Morrisons laid down the gauntlet by knocking 2p a litre off the price of unleaded and 1p a litre off diesel. Tesco saw that move and improved it by knocking 2p off both. Sainsburys matched Tesco's deal, while Asda set a maximum price per litre of 129.7p for petrol and 134.7p for diesel.

It's a belated response to oil prices, which have fallen 15 percent since February, carefully timed to coincide with a period when many drivers are heading out on bank holiday weekend trips.
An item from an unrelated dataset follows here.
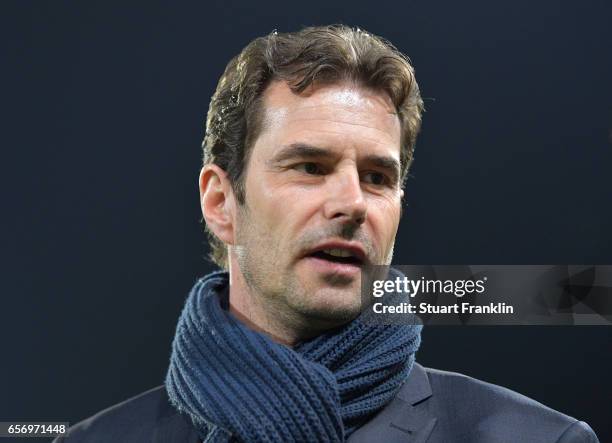 Ralf Kellermann, head coach of Wolfsburg looks on during the UEFA Women's Champions League Quater Final first leg match between VfL Wolfsburg and...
Mark Todd of Morrisons, speaking to the Mail, made out that the fuel price cut was a generous goodwill gesture from the supermarket. "We're expecting to see high numbers of motorists filling their tanks for family days out," he said. "That's why we're passing on these savings for the pre-bank holiday shop."

The savings will be pretty negligible comparted to the rapidly escalating prices of supermarket groceries, but inflation has made the supermarkets increasingly desperate to maintain their market share. In the food shopping arena, discount stores like Aldi and Lidl are attracting shoppers away from the big four, but these no-frills stores do not have petrol pumps, so the major supermarkets see fuel discounts as a way of bringing customers back into the fold.

Whether it works remains to be seen. Discerning consumers might well realise that it makes sense to fill the tank at Tesco or Morrisons and use the fuel to drive half a mile down the road to the nearest Aldi to fill the boot.